What I learned: Didi has great customer service, even for English speakers. Plus, great interaction with locals #2.
Story 3: A run-in with the law
Foreigners in China are supposed to register with the local police within 24 hours of arriving in any city where they’ll be staying overnight. Normally, hotels take care of this, and you don’t need to do anything extra. However, while Airbnb will ask you to create a special profile with passport and nationality information, either you or your Airbnb host still has to do the police registration. I didn’t know any of this until our third day in China when our host texted me saying that we needed to go register with the police and that we should do it that evening, as we were supposed to have done it within 24 hours. I would later find out he didn’t know about any of this either, and that it’s never come up with any of the foreigners that have stayed at his place.
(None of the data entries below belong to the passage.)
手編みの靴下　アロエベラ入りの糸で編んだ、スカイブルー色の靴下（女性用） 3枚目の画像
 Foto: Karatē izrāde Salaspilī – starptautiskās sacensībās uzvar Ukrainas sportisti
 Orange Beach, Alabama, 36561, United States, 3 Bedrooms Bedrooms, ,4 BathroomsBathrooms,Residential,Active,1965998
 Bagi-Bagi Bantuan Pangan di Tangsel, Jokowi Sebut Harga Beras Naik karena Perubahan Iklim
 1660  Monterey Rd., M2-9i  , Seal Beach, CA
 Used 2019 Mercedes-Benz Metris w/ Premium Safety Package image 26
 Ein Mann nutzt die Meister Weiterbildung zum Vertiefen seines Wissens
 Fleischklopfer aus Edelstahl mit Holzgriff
Thankfully, the police station was only about a 5-minute walk from our place. We showed up, and they took our personal information down and asked us basic arrival and departure questions. Then came the interesting part. The officer helping us said that they would need to come to our place to finish the paperwork and to give us a warning since we had not registered within 24 hours. He was friendly and seemed very relaxed about it, though, and assured us it was just a warning. We scheduled the visit for 10:00am the following morning.
Even though we were fairly sure that everything would be hunky-dory, I couldn’t help but consider the tiny possibility that this would somehow turn into some kind of nightmare situation, with them wanting to go through our phones, computers, clothes, bags, etc., then arresting us for god-knows-what.
Thankfully, they came by the next day right at 10:00am, and it truly ended up being just a formality. They explained a couple of documents to us, had us sign them, gave us copies of both documents, and were on their way in less than 5 minutes. No fuss, no muss.
What I learned: Police in an officially communist state don’t necessarily act how you think they might.
I’m a fan
All in all, we had really good interactions with people in China, and these are just three examples that stick out. I’m aware that there are plenty of reasons to have qualms with their government, but the people seem great, and even our interaction with police was a positive one. I’d definitely like to go back.